Se sabe por estudios arqueológicos, antropológicos, geológicos, biológicos y todos los lógicos que podamos imaginar que las principales comunidades —las mayas, las aztecas y las incas, e incluso, otras no menos importantes— representaban las más organizadas y desarrolladas sociedades prehispánicas de la época.
Dichas comunidades tenían patrones culturales y materiales semejantes, por ejemplo: sus dioses estaban basados en deidades naturales, perceptible a los sentidos; vinculadas al medio ambiente circundante; eran creencias que no se fundamentaban en la dominación de un pueblo contra otro, ni de una clase social contra otra, por tanto, no las podemos considerar como religiones.
Por otro lado, la producción de los medios de vidas esenciales también tenía características semejantes; la agricultura, la ganadería, la pesca, la caza, la alfarería, orfebrería, entre otros. No estaban basados en actividades de carácter económicos; es decir, dichas actividades carecían de las formas mercantiles que regían, para la época e incluso en la actualidad, la vida social en el resto del planeta.
A pesar del desarrollo social y cultural de estos pueblos, se imponía la lógica productiva de tipo comunitaria y familiar; la forma de intercambio predominante era el truque, pero no un trueque a manera mercantil, sino basado en satisfacer sólo necesidades sociales; el trabajo era colectivo y la distribución de los productos del trabajo también tenía un carácter colectivo; las comunidades o pueblos generaban excedentes que luego eran intercambiados por productos no producidos; no hay constatación alguna de que existiera algún tipo de moneda que rigiera el carácter mercantil del trabajo.
El oro solo era usado como adorno y no representaba ningún valor de cambio y mucha menos monetario; igual suerte corría el cacao, el maíz y las mantas. No se puede afirmar tampoco la existencia del impuesto como categoría económica, por la simple actividad de centralizar los excedentes y redistribuirlos entre los miembros de la comunidad como en el caso, por ejemplo, de los Tamsa en los Muiscas en lo que hoy es Colombia, ya que no hay evidencia de que existiera la propiedad privada y el trabajo enajenado.
Las formas de poder no estaban basadas en la dominación de una clase social por otras, es decir, que probablemente no existía ninguna contradicción entre el interés colectivo y el interés particular que pudiera manifestarse en forma de Estado, tal cual lo era en el resto del mundo para la época y lo es actualmente. En ese sentido, la policía, las leyes, los tribunales y las cárceles no tenían ninguna lógica de existencia en ausencia de la propiedad privada. Tampoco había contradicción entre la ciudad y el campo, ya que no hay evidencia alguna de la existencia de la propiedad de la tierra y la propiedad de la industria o del trabajo manufacturero medieval.

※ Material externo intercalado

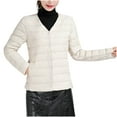 thumbnail image 1 of Zpanxa Women's Lightweight Down Jacket V-Neck Short Puffer Coat Packable Thermal Insulated Nylon Shell for Spring Fall Beige L, 1 of 3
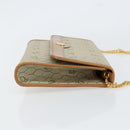 Christian Dior Honeycomb Canvas Chain Shoulder Bag PVC Beige Gold Auth 154467-3
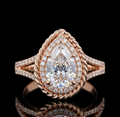 Top-down view of a pear-shaped rose gold engagement ring with a diamond inner halo and twisted rope outer halo on a black background.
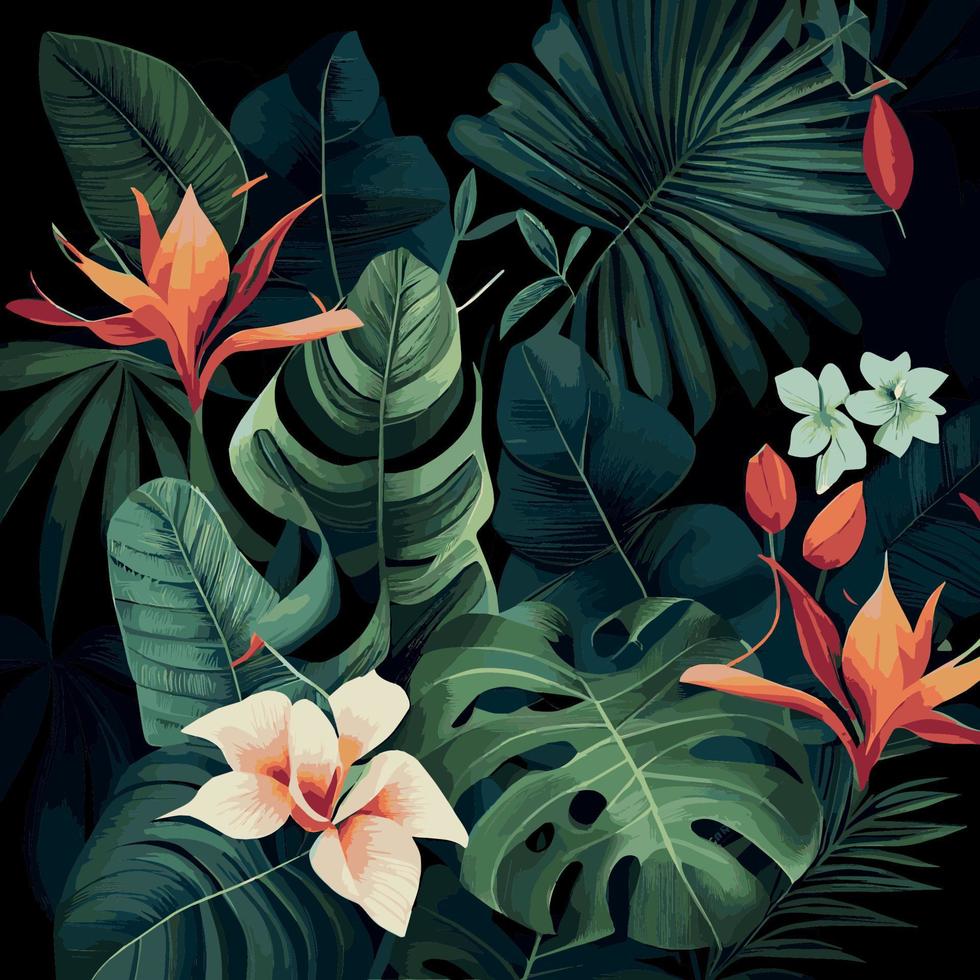 fondo de bosque tropical verde hojas de monstera, hojas de palma, ramas. fondo de plantas exóticas para banner, plantilla, decoración, postal. follaje abstracto y papel tapiz botánico - vector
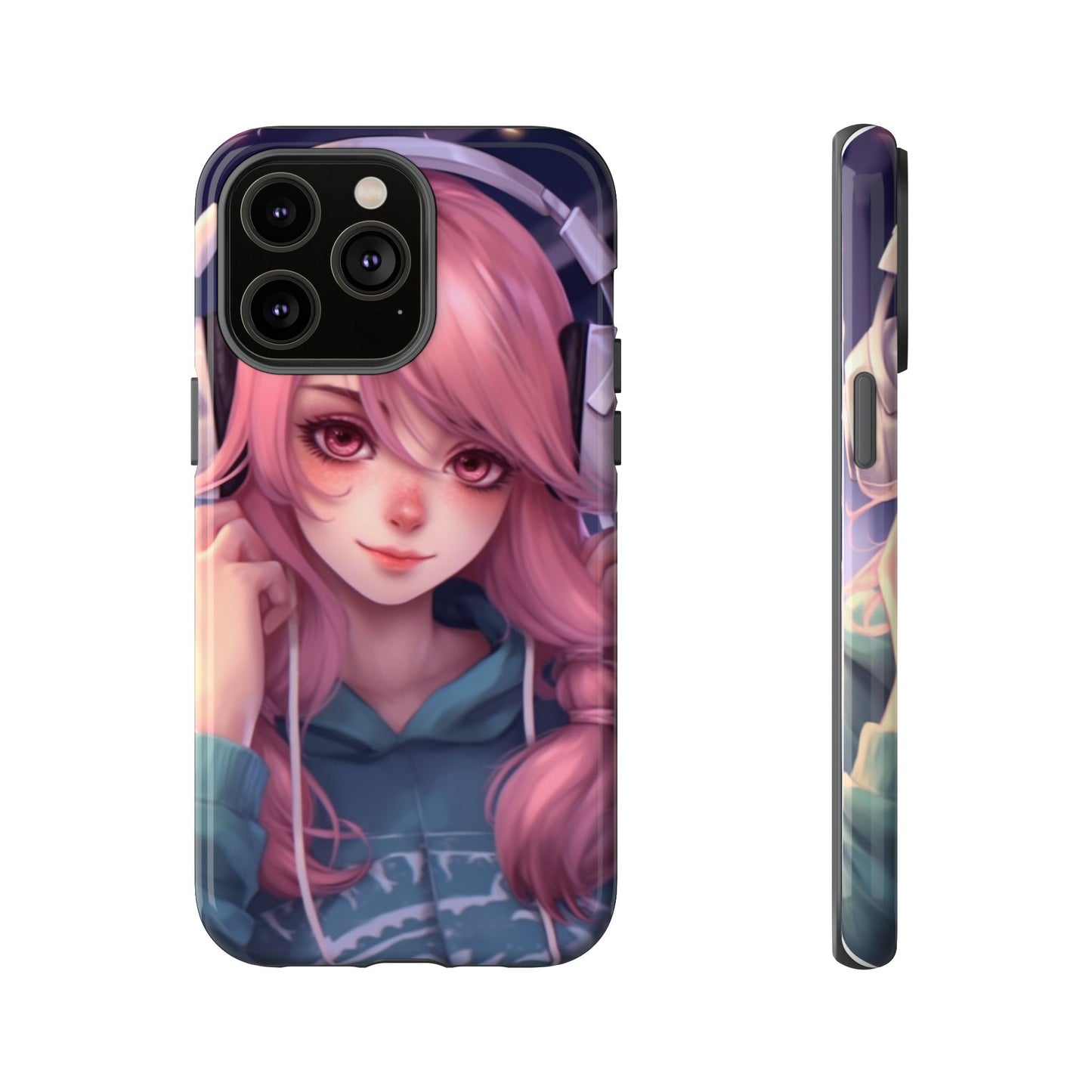 Anime Music Girl Phone Case - Cute Aesthetic Cover for iPhone, Samsung & Google Pixel, Girly Phone Case, Kawaii Lover Gift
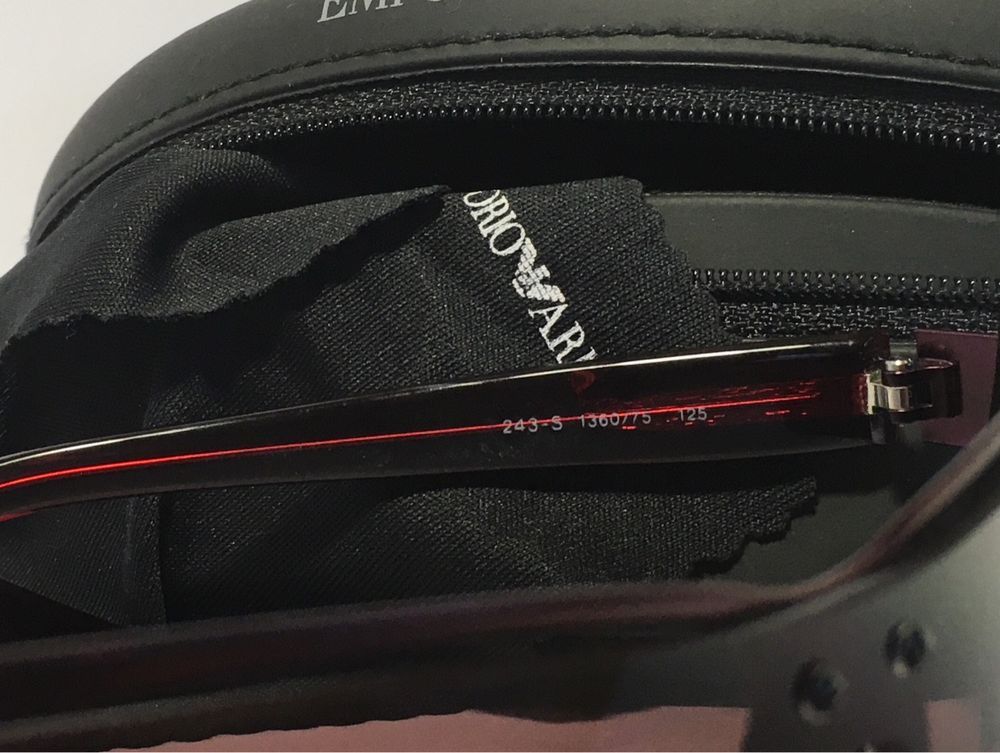 Emporio Armani Armani Vintage Sunglasses Black/Burgundy Size ONE SIZE - 7 Thumbnail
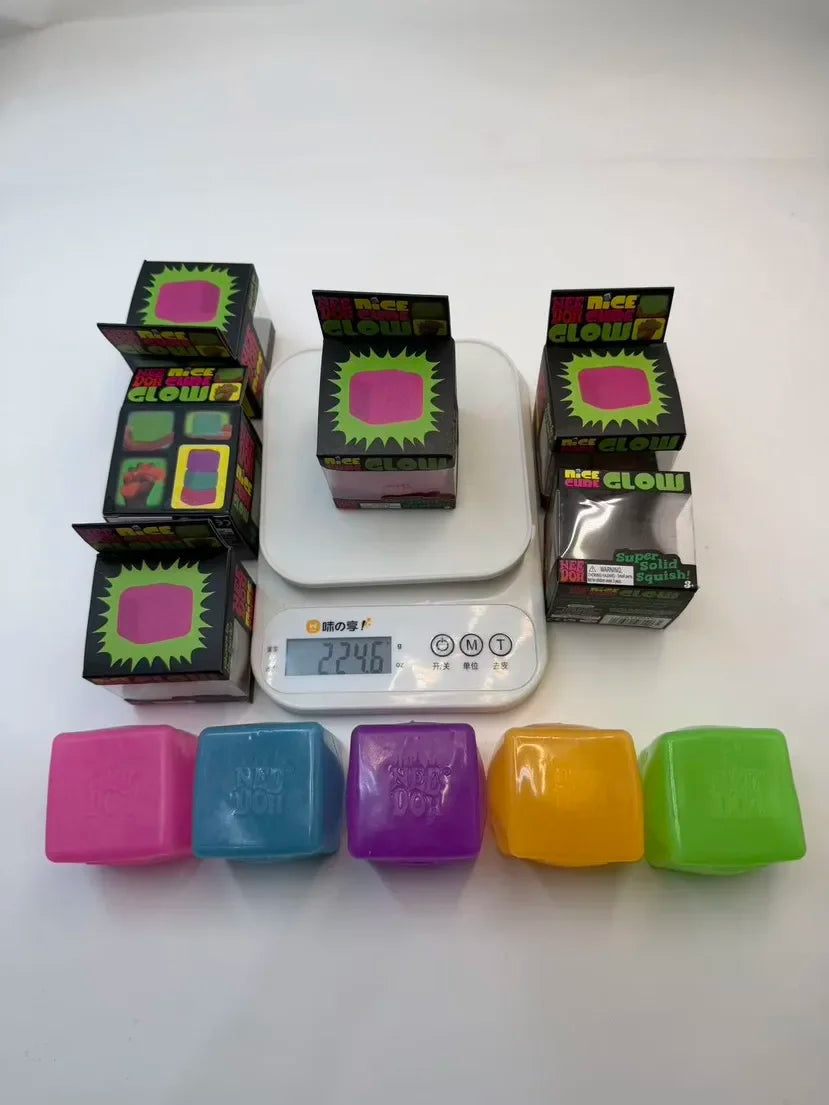 New Schylling Needoh Nice Cube Squishy Stress Toy Glow In The Dark Slow Rebound Sensory Glitter Pressure Relief For Adults gifts Atypical Journey Store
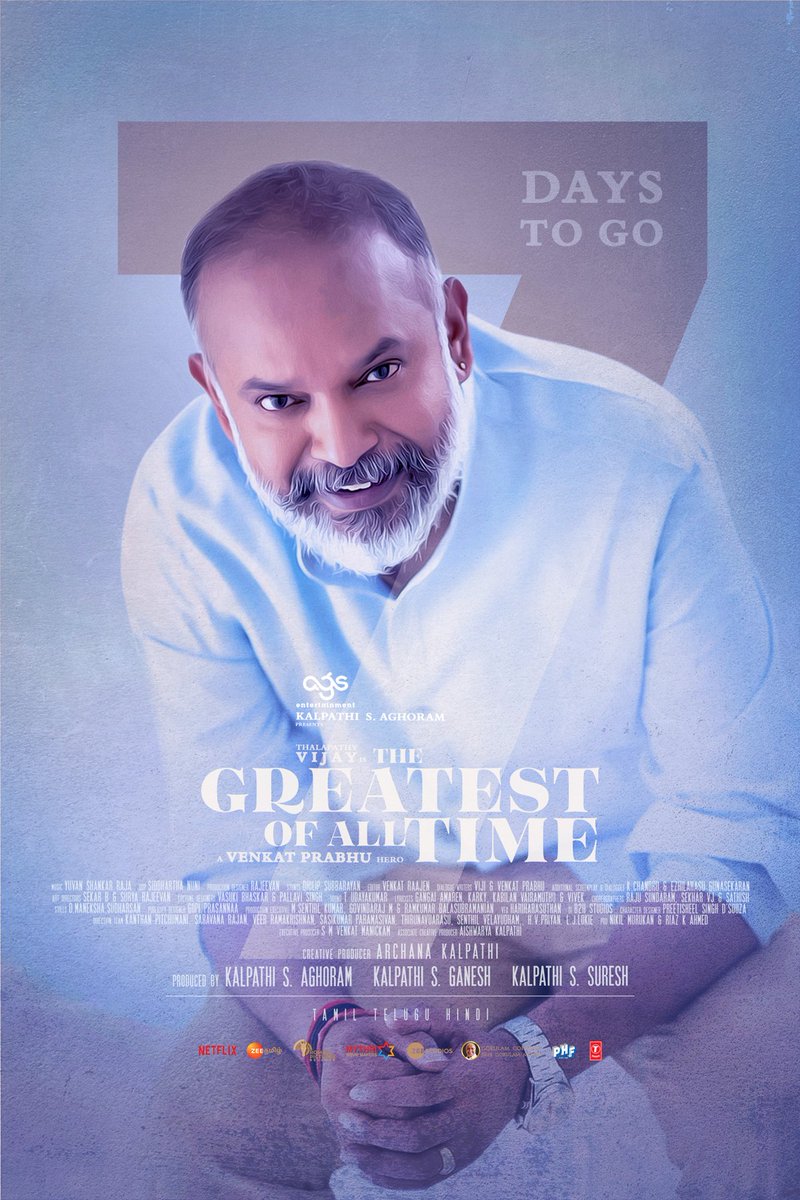 GoatMovie2024's tweet photo. Gear up to witness #VpHero's #TheGoat mission in just 7 days! 🔥
In theatres from September 5th 📽️
A @vp_offl hero 😎
#TheGreatestOfAllTime
#TheGoatArrivesOnSept5th
@actorvijay @thisisysr @archanakalpathi @aishkalpathi @Ags_production https://t.co/XqiZqHUrU6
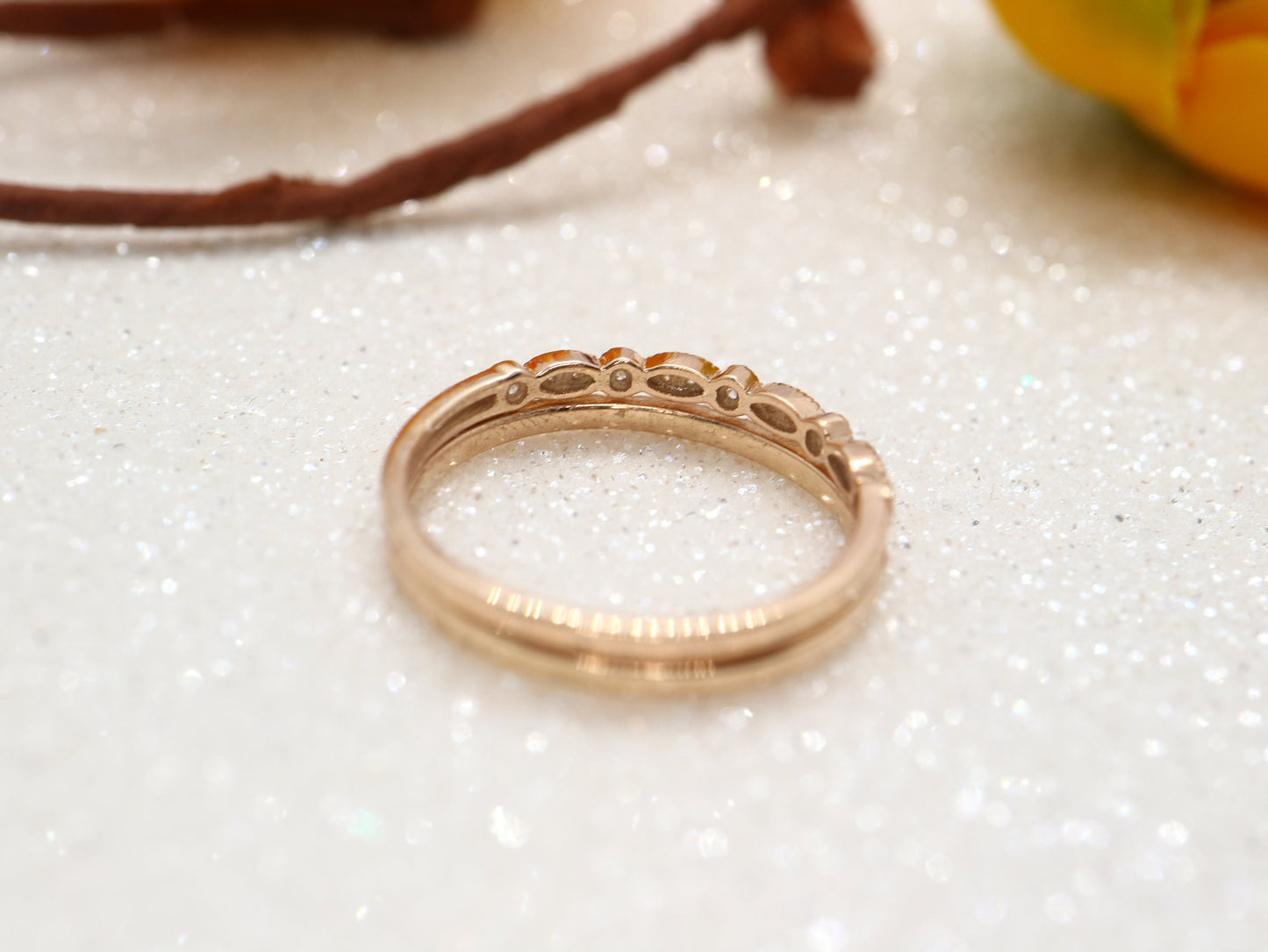 14k gold diamond wedding band set, Engagement ring for women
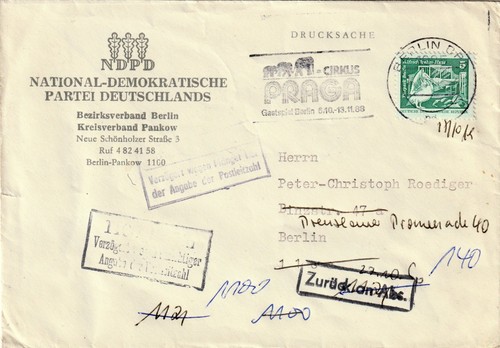 Ddr brief maschinenstempel - brief,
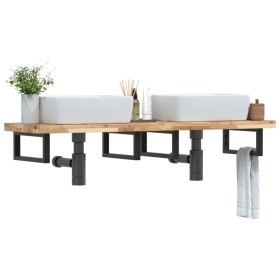 Estante de lavabo de pared acero y madera maciza de acacia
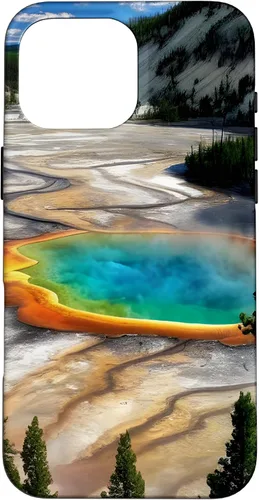 Vista 19 de Funda de vacaciones de verano para iPhone 16 Yellowstone National Park Rainbow geysers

Las guerras entre pueblos se daban fundamentalmente con la intención de capturar personas y sacrificarlas para sus dioses, pero no revestían el carácter de apropiarse de riquezas. Podríamos afirmar, ya que no hay estudios profundos al respecto, que las fuerzas esenciales de nuestros nativos, su cosmovisión, su ser genérico, fue abruptamente interrumpido al imponérseles una nueva forma de vida basada estrictamente en la existencia del capital.
La invasión y con ella el saqueo y la violencia clasista que dejó más de 60 millones de muertos, solo fueron medios útiles y necesarios para imponer la nueva cultura, la economía. La religión impuesta, es decir, el cristianismo, era imposible sin la existencia primero de categorías materiales. El egoísmo, la avaricia, la idea de desarrollo basado en la riqueza individual tuvieron que haber surgido en ese período convulsionado, producto de esa imposición económica.
¿Cómo imponer algunas prohibiciones sagradas y bíblicas contra el robo y contra la codicia a los bienes ajenos, sin que estas categorías económicas hicieran parte de la vida social de los pueblos conquistados? ¿Cómo se prohibía lo que no existía? Al final, el judío-cristianismo fue el instrumento que bendijo la maldad impuesta: el capital.